Write out all of the entries exactly, please.

──────────

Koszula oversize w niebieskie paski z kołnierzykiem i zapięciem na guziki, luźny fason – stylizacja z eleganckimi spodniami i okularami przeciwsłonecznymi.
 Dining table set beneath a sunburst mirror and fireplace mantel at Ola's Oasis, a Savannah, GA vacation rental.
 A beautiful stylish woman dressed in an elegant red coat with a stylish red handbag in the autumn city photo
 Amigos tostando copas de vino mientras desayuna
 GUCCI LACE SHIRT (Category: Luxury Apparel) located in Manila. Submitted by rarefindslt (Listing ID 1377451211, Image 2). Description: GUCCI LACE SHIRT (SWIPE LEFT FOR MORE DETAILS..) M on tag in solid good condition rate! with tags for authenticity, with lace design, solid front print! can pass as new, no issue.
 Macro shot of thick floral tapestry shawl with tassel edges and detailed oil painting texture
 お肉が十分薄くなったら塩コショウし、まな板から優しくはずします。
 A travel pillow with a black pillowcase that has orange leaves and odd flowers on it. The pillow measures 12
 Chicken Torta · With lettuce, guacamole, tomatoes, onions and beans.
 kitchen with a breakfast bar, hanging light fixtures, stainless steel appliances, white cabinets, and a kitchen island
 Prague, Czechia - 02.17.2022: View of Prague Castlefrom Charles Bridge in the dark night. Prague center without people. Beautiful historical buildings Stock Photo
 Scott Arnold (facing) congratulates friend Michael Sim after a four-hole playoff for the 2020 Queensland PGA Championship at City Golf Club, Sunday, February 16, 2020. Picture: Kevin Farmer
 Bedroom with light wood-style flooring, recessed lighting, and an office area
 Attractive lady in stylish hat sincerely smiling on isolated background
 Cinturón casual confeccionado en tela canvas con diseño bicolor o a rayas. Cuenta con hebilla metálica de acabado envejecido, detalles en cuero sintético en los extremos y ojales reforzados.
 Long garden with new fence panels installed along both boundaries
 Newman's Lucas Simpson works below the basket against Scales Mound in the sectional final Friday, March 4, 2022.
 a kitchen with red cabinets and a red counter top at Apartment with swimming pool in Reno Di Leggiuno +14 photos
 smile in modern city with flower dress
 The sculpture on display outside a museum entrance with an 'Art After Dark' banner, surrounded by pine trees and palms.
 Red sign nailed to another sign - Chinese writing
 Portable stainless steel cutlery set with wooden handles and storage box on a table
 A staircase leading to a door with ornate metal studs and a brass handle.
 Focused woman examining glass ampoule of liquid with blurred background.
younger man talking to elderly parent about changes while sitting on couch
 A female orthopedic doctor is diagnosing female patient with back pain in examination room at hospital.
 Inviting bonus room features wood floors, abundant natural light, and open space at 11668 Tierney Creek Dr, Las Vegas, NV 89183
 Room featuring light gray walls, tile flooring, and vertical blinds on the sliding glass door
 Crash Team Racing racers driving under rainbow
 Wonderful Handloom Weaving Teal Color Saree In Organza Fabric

──────────

- WRITTEN SOLUTION -
Koszula oversize w niebieskie paski z kołnierzykiem i zapięciem na guziki, luźny fason – stylizacja z eleganckimi spodniami i okularami przeciwsłonecznymi.
 Dining table set beneath a sunburst mirror and fireplace mantel at Ola's Oasis, a Savannah, GA vacation rental.
 A beautiful stylish woman dressed in an elegant red coat with a stylish red handbag in the autumn city photo
 Amigos tostando copas de vino mientras desayuna
 GUCCI LACE SHIRT (Category: Luxury Apparel) located in Manila. Submitted by rarefindslt (Listing ID 1377451211, Image 2). Description: GUCCI LACE SHIRT (SWIPE LEFT FOR MORE DETAILS..) M on tag in solid good condition rate! with tags for authenticity, with lace design, solid front print! can pass as new, no issue.
 Macro shot of thick floral tapestry shawl with tassel edges and detailed oil painting texture
 お肉が十分薄くなったら塩コショウし、まな板から優しくはずします。
 A travel pillow with a black pillowcase that has orange leaves and odd flowers on it. The pillow measures 12
 Chicken Torta · With lettuce, guacamole, tomatoes, onions and beans.
 kitchen with a breakfast bar, hanging light fixtures, stainless steel appliances, white cabinets, and a kitchen island
 Prague, Czechia - 02.17.2022: View of Prague Castlefrom Charles Bridge in the dark night. Prague center without people. Beautiful historical buildings Stock Photo
 Scott Arnold (facing) congratulates friend Michael Sim after a four-hole playoff for the 2020 Queensland PGA Championship at City Golf Club, Sunday, February 16, 2020. Picture: Kevin Farmer
 Bedroom with light wood-style flooring, recessed lighting, and an office area
 Attractive lady in stylish hat sincerely smiling on isolated background
 Cinturón casual confeccionado en tela canvas con diseño bicolor o a rayas. Cuenta con hebilla metálica de acabado envejecido, detalles en cuero sintético en los extremos y ojales reforzados.
 Long garden with new fence panels installed along both boundaries
 Newman's Lucas Simpson works below the basket against Scales Mound in the sectional final Friday, March 4, 2022.
 a kitchen with red cabinets and a red counter top at Apartment with swimming pool in Reno Di Leggiuno +14 photos
 smile in modern city with flower dress
 The sculpture on display outside a museum entrance with an 'Art After Dark' banner, surrounded by pine trees and palms.
 Red sign nailed to another sign - Chinese writing
 Portable stainless steel cutlery set with wooden handles and storage box on a table
 A staircase leading to a door with ornate metal studs and a brass handle.
 Focused woman examining glass ampoule of liquid with blurred background.
younger man talking to elderly parent about changes while sitting on couch
 A female orthopedic doctor is diagnosing female patient with back pain in examination room at hospital.
 Inviting bonus room features wood floors, abundant natural light, and open space at 11668 Tierney Creek Dr, Las Vegas, NV 89183
 Room featuring light gray walls, tile flooring, and vertical blinds on the sliding glass door
 Crash Team Racing racers driving under rainbow
 Wonderful Handloom Weaving Teal Color Saree In Organza Fabric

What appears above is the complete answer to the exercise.